Department of Mathematics and Computer Science, University of Calabria, Rende, Italy.
Department of Information Engineering, Unviersitá Politecnica delle Marche, Ancona, Italy; Department of Advanced Robotics, Istituto Italiano di Tecnologia, Genoa, Italy.
Comput Methods Programs Biomed. 2021 Mar;200:105834. doi: 10.1016/j.cmpb.2020.105834. Epub 2020 Nov 14.

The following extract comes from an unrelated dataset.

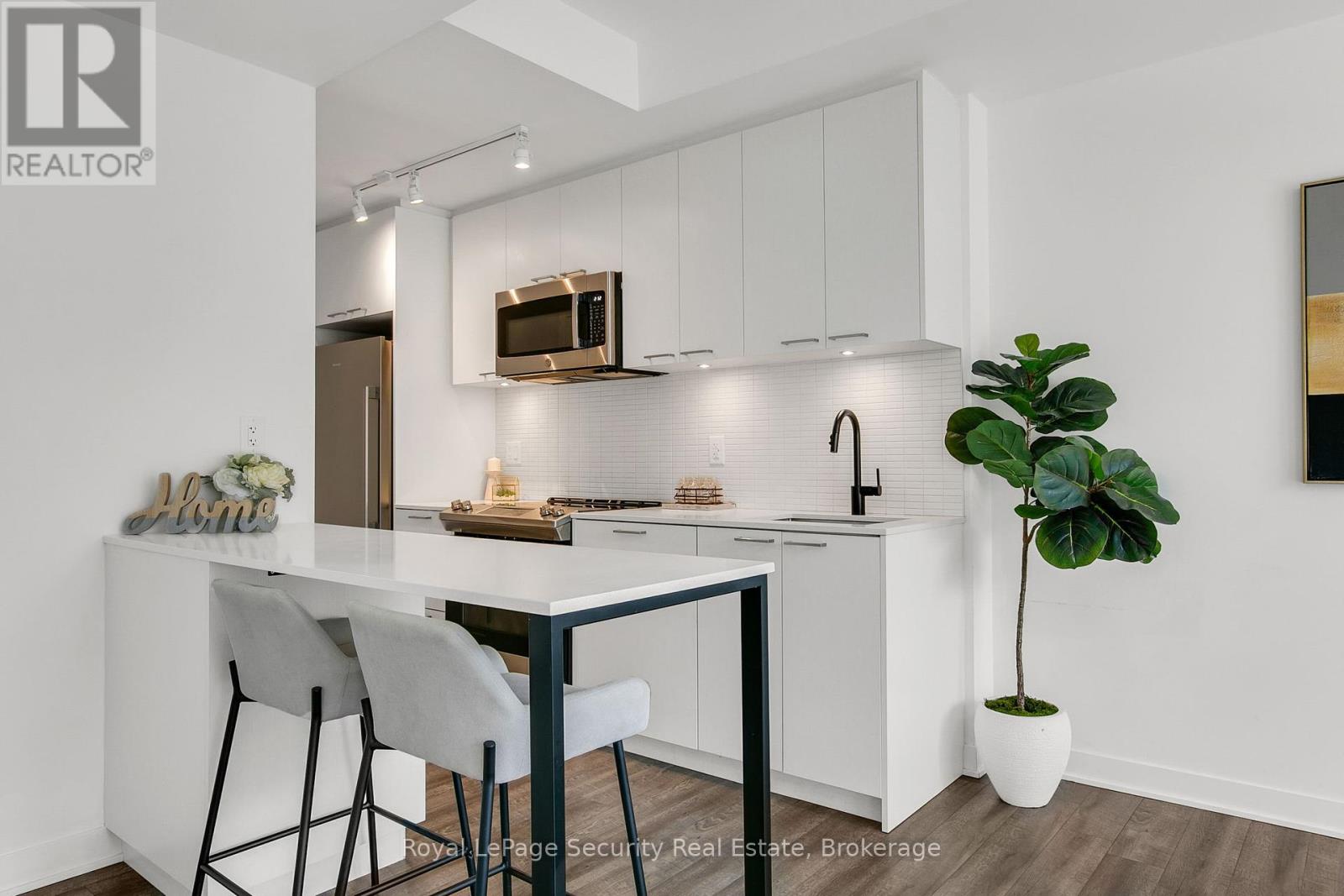 Th 22 - 40 Ed Clark Gardens, Toronto, Ontario  M6N 0B5 - Photo 17 - W12290461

Background and ObjectivesOver the last decade, Deep Learning (DL) has revolutionized data analysis in many areas, including medical imaging. However, there is a bottleneck in the advancement of DL in the surgery field, which can be seen in a shortage of large-scale data, which in turn may be attributed to the lack of a structured and standardized methodology for storing and analyzing surgical images in clinical centres. Furthermore, accurate annotations manually added are expensive and time consuming. A great help can come from the synthesis of artificial images; in this context, in the latest years, the use of Generative Adversarial Neural Networks (GANs) achieved promising results in obtaining photo-realistic images. MethodsIn this study, a method for Minimally Invasive Surgery (MIS) image synthesis is proposed. To this aim, the generative adversarial network pix2pix is trained to generate paired annotated MIS images by transforming rough segmentation of surgical instruments and tissues into realistic images. An additional regularization term was added to the original optimization problem, in order to enhance realism of surgical tools with respect to the background. Results Quantitative and qualitative (i.e., human-based) evaluations of generated images have been carried out in order to assess the effectiveness of the method. ConclusionsExperimental results show that the proposed method is actually able to translate MIS segmentations to realistic MIS images, which can in turn be used to augment existing data sets and help at overcoming the lack of useful images; this allows physicians and algorithms to take advantage from new annotated instances for their training.
背景与目的
在过去的十年中,深度学习(DL)已经彻底改变了许多领域的数据分析,包括医学成像。然而,DL 在手术领域的发展存在瓶颈,这可以从缺乏大规模数据中看出,而这又可能归因于临床中心缺乏用于存储和分析手术图像的结构化和标准化方法。此外,手动添加准确的注释既昂贵又耗时。人工图像的合成可以提供很大的帮助;在这种情况下,近年来,生成对抗神经网络(GAN)在获得逼真图像方面取得了有希望的结果。
方法
本研究提出了一种微创手术(MIS)图像合成方法。为此,训练生成对抗网络 pix2pix 将粗糙的手术器械和组织分割转换为逼真的图像,以生成配对的注释 MIS 图像。在原始优化问题中添加了一个额外的正则化项,以增强手术工具相对于背景的真实感。
结果
为了评估该方法的有效性,对生成的图像进行了定量和定性(即基于人类的)评估。
结论
实验结果表明,所提出的方法实际上能够将 MIS 分割转换为逼真的 MIS 图像,这反过来又可以用于扩充现有数据集并帮助克服缺乏有用图像的问题;这使医生和算法能够从新的注释实例中受益,用于他们的训练。